Sami Baha is a young producer from Istanbul, with his roots in the Turkish Hiphop scene, who has been stealthily pricking up ears with guest spots on Rinse FM and NTS since he moved to London last year.
He started this EP ‘Mavericks’ while he was in Istanbul, saying "the music I produced became more chaotic as Istanbul became a harsher place both politically and economically.

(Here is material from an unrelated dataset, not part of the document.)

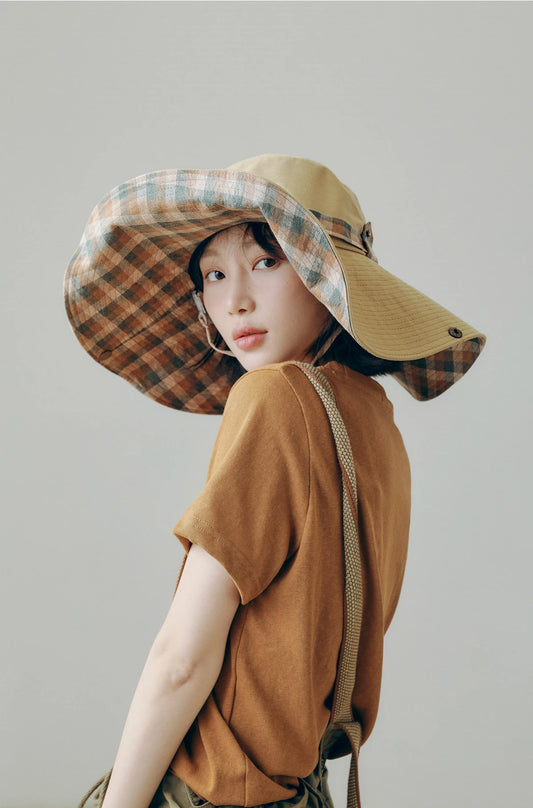 Model wearing khaki and plaid wide brim outdoor sun hat with string, styled for relaxed travel outfits.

I didn't really design it that way, but I feel like the sound got more aggressive over the years".
He describes his music as ‘instrumental trap‘, but instead of trap vocals there are complex arrangements, although he has started to work with vocalists while he’s been in the UK.

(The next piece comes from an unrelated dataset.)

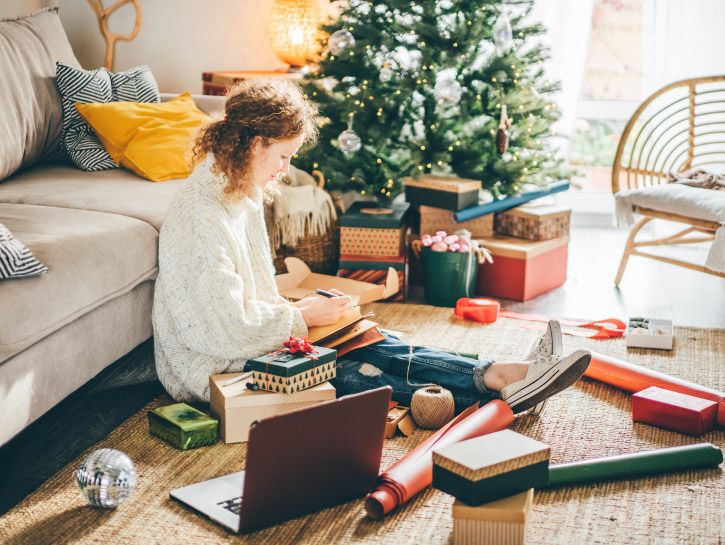 Woman making to do list on 2022 year at notebook.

He says of his sound; "I grew up when the Arabic style of Turkish music known as Arabesk was at the centre stage of Turkish culture, so I was listening to popular Turkish performers Ibrahim Tatlises and Muslum Gurses alongside trap originators DJ Screw and the Atlanta scene. I know people don't hear the orient instruments and rhythms in my music, but I like to think of my music as arabesk-trap, as I feel like the Arabesk and trap crossover is where they come from and in their feel."

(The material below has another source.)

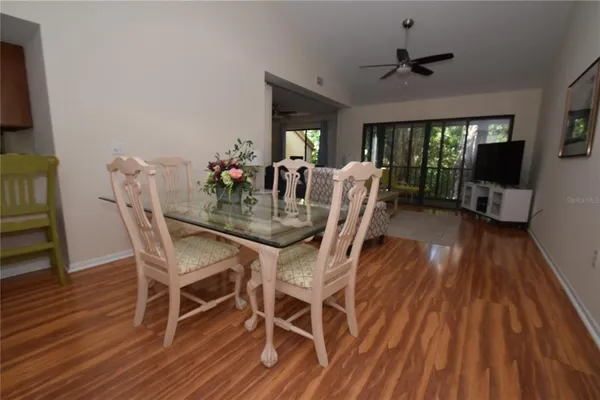 a view of a dining room with furniture window and wooden floor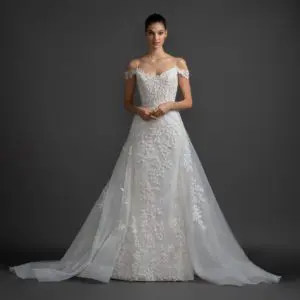 Lazaro Olivia 3914 Wedding Dress - Fit and flare ivory petal embroidered gown with off the shoulder sleeve, sweetheart neckline and detachable overskirt.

‘Mavericks’ EP is a deconstructed and beautifully crafted take on the trap sound, using a dramatic sense of space and melody that gives the EP an epic feel plus an attention to sonic detail that makes tracks move like they’re alive, avoiding all clichés. ‘Mavericks One’ opens with a lush repetitive string melody, dropping into tense atmosphere; ‘Still’ uses the space between notes, unusual configurations of tuning and tone draw the track apart and let every note shimmer in dark space. The steel pan melody and spiralling snares of ‘Dough’, manage to remind of vintage Black Dog, rolling out emotively over bass and drums. ‘Tozko Paran’ is trap re-imagined as a delicate cyborg waltz and ‘Cataphract’ featuring Kuedo, runs a twisting, turning melody over unsettling chords, dubby drums and a bumpy ride bass that pumps like a fearful heart. The EP finishes with ‘Chunk’, its glassy plodding melody rattling out over a desolate atmosphere and slowed down fight-game phrases. An astonishing debut from a name you’ll hear much more of this year.